All under different names, unincorporated: Nothing more than an office, a phone, a computer, a desk and a chair. The cost could be small, and there is a large pool of talent out there willing to do this just to hose our fifth column media and help the spooks with more dead terrorists. And it would be nearly impossible for traitors like NY Times reporters to track this type of activity.

I'd like to see these reporters' names on a database waiting for the day they travel outside the US.
Posted by: badanov   2005-05-31 10:13  

#8  Article is probably post-facto and the agency has moved on to another process, org and link. I doubt this does anything disruptive or exposing to danger. The NYT audience is not one that is supportive of the WoT and our actions to begin with - more mutual reinforcement than anything. When I read it in the NYT's then I know that the act must have ended a long time ago and everyone has moved on.
Posted by: Jack is Back!   2005-05-31 09:51  

#7  Just another reason why I do not read the New York Times... they are a supermarket tabloid with World News Weekly having more credibility. Treasonous? Oh yeah, it is a habitual behaviorism oozing from the top to the bottom... a pervasive stench that for all to shrink from. NYT isn't just doing their job, yellow journalism, titilation and intrigue sells more than trueful reporting. But even that has worsened the in last 5 years at NYT. When they finally do start to report the truth it will be treated with skepticism. When they start to act in a responsible manner regarding the safety of the United States and it's citizens, then perhaps the citizens of the United States may elevate the importance of the NYT above that of used by the homeless for warmth and housebreaking the puppy.
Posted by: Sleans Glomolet4123   2005-05-31 07:20  

#6  If the government refuses to act some private citizens who are actually concerned with the public good and the Republic will take matters in hand and send a message these reporters will understand.
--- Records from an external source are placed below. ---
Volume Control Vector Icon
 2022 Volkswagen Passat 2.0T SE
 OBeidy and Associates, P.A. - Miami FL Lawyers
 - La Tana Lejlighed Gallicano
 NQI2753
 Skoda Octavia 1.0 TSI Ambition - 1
Greed, stupidity and perfidy. The new motto of the NYT.
Posted by: Sock Puppet 0’ Doom   2005-05-31 03:51  

#5  Where is the utility in printing this other than to disrupt CIA operations and try to givve the Bush administration a black eye?

This article was simply the NYT axe-grinding against renditions, to try to do more damage to the Bush administration, no matter what the cost is to the nation.

Bastards.

As for the alleged operations: They will relocate, regenerate and reconstitute. All on the taxpayers dime - and all at a large loss of efficiency and functionality until they recover from the expose.

Thank you NYT for screwing the intel community and the taxpayer.

This is right up there with warning Osama we could listen to his sat phone coversations. I guess the big liberal papers never let discretion and the safety of nation get in the way of a splashy headline, their anti-military bias, and political axe-grinding.

NYT editors should be hung, and the reporters jailed, for treason.
Posted by: OldSpook   2005-05-31 02:35  

#4  Seriously, how is this not treason?
Posted by: someone   2005-05-31 02:26  

#3  Cool, will they float if you accidently drop them off in the ocean?
Posted by: Captain America   2005-05-31 02:13  

#2  A few 22 shorts at close range to the head will put and end to this kind of treason. Why is it in the "public interest" that this is printed? To cause us to lose the war on terror is the only reason I can think of.
Posted by: Sock Puppet 0’ Doom   2005-05-31 01:58  

#1  "This article was reported by Scott Shane, Stephen Grey and Margot Williams and written by Mr. Shane" ...... all of whom are now candidates for "near death" experiences, or worse.

Hey, live by the pen (sword) die by the (pen) sword.